Building Scalable End-To-End Deep Learning Pipeline in the Cloud (DeveloperWeek Global 2020)

Build a scalable end-to-end deep learning pipeline in the cloud by leveraging Cloud Native Orchestrators and a combination of AWS services, including Lambda, Batch, and SageMaker.

Key takeaways
  • The main challenge of GPUs is their high cost and the need to maintain a cluster.
  • Cloud Native Orchestrators provide a convenient way to build scalable end-to-end deep learning pipelines.
  • Batch processing is useful for processing large amounts of data, as it allows for parallel execution.

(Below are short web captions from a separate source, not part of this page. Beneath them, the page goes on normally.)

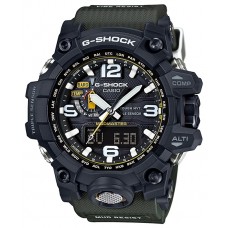Мужские часы Casio G-Shock GWG-1000-1A3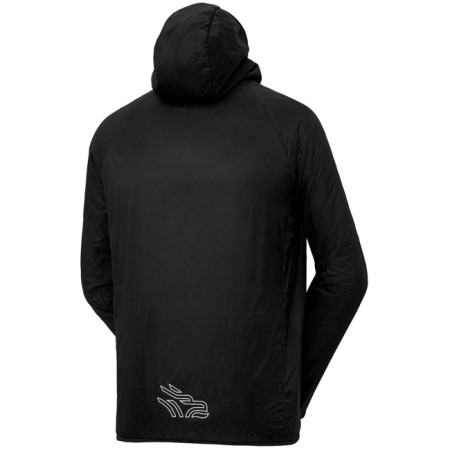 Kabát Grifone Gias Reversible Jacket 2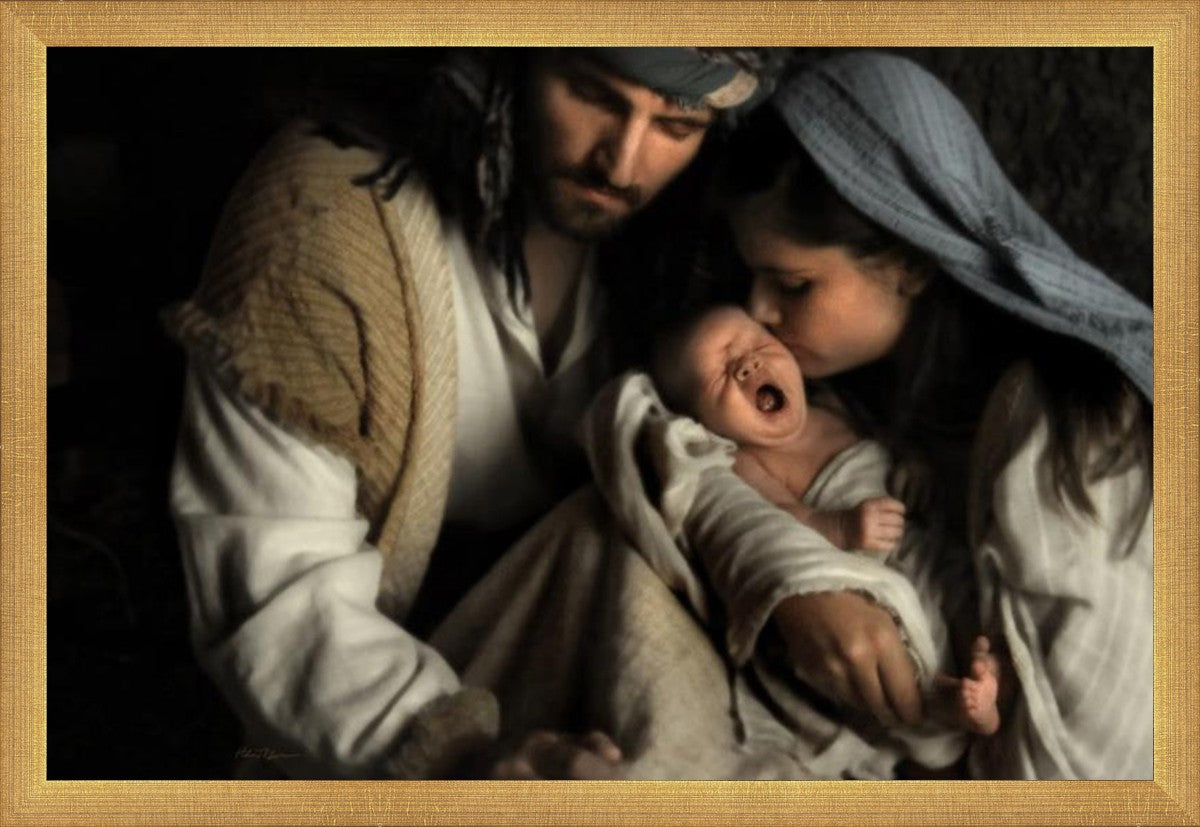 Son of Man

  • The speaker recommends using AWS Lambda for short processing tasks, AWS Batch for multiple tasks, and SageMaker for GPU training jobs.
  • Serverless infrastructure is a good option for inference, but it may not be the best choice for training due to the cold start problem.
  • The speaker suggests using a combination of services to build a scalable deep learning pipeline.
  • The cost of prediction is a key consideration, and the speaker recommends using Inferentia instances for inference.
  • The speaker recommends using a combination of services, including Lambda, Batch, and SageMaker, to build a scalable deep learning pipeline.
  • The speaker also suggests using a repository to store the model and its versions.
  • The speaker recommends implementing a feedback loop to improve the model over time.
  • The speaker suggests using a combination of services, including Lambda, Batch, and SageMaker, to build a scalable deep learning pipeline.
  • The speaker recommends using a combination of services to build a scalable deep learning pipeline.
  • The speaker suggests using a combination of services, including Lambda, Batch, and SageMaker, to build a scalable deep learning pipeline.
  • The speaker recommends using a combination of services to build a scalable deep learning pipeline.
  • The speaker suggests using a combination of services to build a scalable deep learning pipeline.
  • The speaker recommends using a combination of services to build a scalable deep learning pipeline.